As I have previously noted, one of the big themes across the charity sector that I am hearing these days is the challenge of acquiring new donors. Whilst this has of course always been a challenge it does seem to be getting harder and harder to find new donors at scale and at cost. Pick up any benchmarking report, or attend any conference, and you will undoubtedly here about it.
One of the upsides of this is that charities are finally turning their attention more to retention and thinking more about how to engage and nurture the supporters they do have. I have always been a big advocate of focussing more on value from existing supporters so definitely welcome this. But we still need to breathe new life into our supporter files as we will always face some attrition from our base no matter how good our engagement programmes are.
I found the quote below from the recent Open / Sequoia Charity Benchmarks study very revealing in that it shows this is not a problem of budget.
“The Challenge is not the availability of the budget. The challenge is the availability of which viable routes in which to invest”
Up to now, the acquisition problem has generally been about budget (if I spend more I get more) but now it appears that even with bottomless pockets it is still not easy to recruit at the volumes needed to drive growth. Traditional channels (Face to Face, DRTV) are becoming more saturated (and more expensive) and whilst there are more and more opportunities out there (Digital, Social, Web) and Cost per Acquisition (CPA) can look very attractive, they are not (in most cases) delivering the required numbers.
So, what do you do about it?
Well unfortunately I don’t have any quick fixes or easy answers but there are three pieces of analysis I can highlight which will help you get your acquisition back on track.
Lifetime Value (LTV)
Firstly, if you don’t already, you really should be tracking the LTV of your donors. It is essential to review your acquisition strategies beyond the initial touch point and understand the future engagement of new donors you are recruiting. If you are not looking beyond this you may be missing out on recruiting long term loyal donors, or you may be wasting money on donors who provide little ongoing engagement.
Understanding the LTV of your donors will help you better assess how much to spend on recruiting them. Whilst channels like Face to Face and DRTV are becoming more expensive, longer term payback can still justify the cost. Conversely digital channels may appear attractive with lower CPAs but if these donors don’t go on to engage further it may not be worthwhile.
Audience Review
Secondly, now is a good time to understand more about who you donors are. An audience review will help you identify what your most profitable donors look like so you can then align your recruitment to these people and ensure you are using the right channels and messages to attract them. It can also reveal gaps in your mix and identify potential audiences that are not engaging with you.

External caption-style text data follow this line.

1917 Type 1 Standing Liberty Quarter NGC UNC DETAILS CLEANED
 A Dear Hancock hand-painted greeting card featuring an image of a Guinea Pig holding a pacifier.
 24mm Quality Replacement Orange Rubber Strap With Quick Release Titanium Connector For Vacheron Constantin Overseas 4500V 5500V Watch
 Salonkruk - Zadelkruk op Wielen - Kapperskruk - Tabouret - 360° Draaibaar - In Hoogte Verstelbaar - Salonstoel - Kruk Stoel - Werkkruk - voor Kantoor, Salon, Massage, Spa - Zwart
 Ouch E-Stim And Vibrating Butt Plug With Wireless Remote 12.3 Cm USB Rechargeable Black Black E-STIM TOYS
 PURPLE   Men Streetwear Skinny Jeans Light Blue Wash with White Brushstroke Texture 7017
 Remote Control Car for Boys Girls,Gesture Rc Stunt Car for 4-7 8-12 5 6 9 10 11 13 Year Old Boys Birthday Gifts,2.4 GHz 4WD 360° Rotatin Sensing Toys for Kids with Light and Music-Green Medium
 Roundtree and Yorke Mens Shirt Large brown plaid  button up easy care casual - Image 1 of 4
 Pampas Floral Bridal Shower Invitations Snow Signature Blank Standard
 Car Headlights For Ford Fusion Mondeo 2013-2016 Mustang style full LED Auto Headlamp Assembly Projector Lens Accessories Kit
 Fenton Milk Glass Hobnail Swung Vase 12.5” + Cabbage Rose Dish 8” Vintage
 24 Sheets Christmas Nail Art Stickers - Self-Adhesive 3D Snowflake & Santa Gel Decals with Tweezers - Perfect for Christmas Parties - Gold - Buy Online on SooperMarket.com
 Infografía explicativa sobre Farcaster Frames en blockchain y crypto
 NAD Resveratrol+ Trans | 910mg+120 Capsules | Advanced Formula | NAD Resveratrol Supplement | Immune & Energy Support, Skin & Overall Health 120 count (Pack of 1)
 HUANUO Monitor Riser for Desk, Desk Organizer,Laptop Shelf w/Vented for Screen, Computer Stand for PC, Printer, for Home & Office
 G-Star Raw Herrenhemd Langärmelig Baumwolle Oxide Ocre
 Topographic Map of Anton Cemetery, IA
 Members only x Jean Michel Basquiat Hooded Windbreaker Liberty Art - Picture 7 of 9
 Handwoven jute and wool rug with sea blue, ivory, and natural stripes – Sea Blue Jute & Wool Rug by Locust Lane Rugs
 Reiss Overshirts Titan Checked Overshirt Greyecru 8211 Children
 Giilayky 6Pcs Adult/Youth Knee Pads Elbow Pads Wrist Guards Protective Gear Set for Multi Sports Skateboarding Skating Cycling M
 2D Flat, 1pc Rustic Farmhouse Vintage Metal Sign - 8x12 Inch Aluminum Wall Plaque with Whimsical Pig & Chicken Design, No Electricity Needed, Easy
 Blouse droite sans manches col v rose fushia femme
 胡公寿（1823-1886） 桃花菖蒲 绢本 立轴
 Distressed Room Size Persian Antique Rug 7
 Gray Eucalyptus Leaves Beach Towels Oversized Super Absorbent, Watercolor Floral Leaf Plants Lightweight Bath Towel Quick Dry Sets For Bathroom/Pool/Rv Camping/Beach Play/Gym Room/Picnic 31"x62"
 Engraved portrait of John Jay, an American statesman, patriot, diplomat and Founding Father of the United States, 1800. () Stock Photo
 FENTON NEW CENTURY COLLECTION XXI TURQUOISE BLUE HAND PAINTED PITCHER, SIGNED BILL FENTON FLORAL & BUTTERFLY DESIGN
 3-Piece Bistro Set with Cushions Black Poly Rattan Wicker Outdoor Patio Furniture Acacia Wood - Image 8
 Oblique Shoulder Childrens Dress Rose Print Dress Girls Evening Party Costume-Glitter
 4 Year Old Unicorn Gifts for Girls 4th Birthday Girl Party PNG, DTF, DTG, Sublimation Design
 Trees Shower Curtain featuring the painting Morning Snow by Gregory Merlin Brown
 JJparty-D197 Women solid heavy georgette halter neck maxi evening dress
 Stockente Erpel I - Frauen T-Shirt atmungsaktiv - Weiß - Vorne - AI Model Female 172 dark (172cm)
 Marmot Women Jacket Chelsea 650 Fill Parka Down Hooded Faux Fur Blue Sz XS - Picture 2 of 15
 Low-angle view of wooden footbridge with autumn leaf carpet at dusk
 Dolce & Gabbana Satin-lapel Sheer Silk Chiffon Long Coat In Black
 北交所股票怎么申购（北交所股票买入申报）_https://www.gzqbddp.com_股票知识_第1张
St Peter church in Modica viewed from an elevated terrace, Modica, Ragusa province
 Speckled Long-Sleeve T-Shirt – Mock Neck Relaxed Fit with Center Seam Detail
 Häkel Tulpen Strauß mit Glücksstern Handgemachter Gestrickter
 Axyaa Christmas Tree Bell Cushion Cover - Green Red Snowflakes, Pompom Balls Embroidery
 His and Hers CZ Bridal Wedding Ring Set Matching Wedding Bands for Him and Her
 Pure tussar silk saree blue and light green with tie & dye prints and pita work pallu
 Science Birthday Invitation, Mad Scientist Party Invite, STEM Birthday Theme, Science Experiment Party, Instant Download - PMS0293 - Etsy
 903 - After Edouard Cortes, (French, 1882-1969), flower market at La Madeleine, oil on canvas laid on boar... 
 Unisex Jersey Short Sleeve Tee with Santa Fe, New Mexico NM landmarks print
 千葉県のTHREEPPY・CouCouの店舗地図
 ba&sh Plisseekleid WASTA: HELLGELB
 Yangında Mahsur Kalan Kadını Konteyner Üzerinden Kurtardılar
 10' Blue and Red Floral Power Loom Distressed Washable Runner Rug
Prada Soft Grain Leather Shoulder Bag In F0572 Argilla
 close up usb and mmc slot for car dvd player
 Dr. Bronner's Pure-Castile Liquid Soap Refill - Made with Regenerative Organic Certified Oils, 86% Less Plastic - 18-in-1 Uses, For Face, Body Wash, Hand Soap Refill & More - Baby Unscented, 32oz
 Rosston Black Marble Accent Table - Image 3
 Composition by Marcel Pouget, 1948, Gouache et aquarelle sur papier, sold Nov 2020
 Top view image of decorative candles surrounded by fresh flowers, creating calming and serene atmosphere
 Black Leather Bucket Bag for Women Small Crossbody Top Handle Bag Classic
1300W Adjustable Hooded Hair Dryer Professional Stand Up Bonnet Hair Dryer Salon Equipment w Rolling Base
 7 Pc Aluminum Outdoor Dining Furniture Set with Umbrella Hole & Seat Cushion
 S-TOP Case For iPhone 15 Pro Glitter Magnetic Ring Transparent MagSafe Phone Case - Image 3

We recommend using an existing market segmentation such as Mosaic or SONAR to match against your CRM data to understand how these groups currently engage with you. Propensity to give, or share of wallet metrics, can then identify the potential headroom in each audience and so help you decide your optimal marketing mix.
Forecasting
Finally, bringing it together it is worth investing in a simple forecasting tool or process which will help you evaluate the longer term impact of your activity and determine the optimal mix for long term sustainable recruitment at the right value and volume for your programme.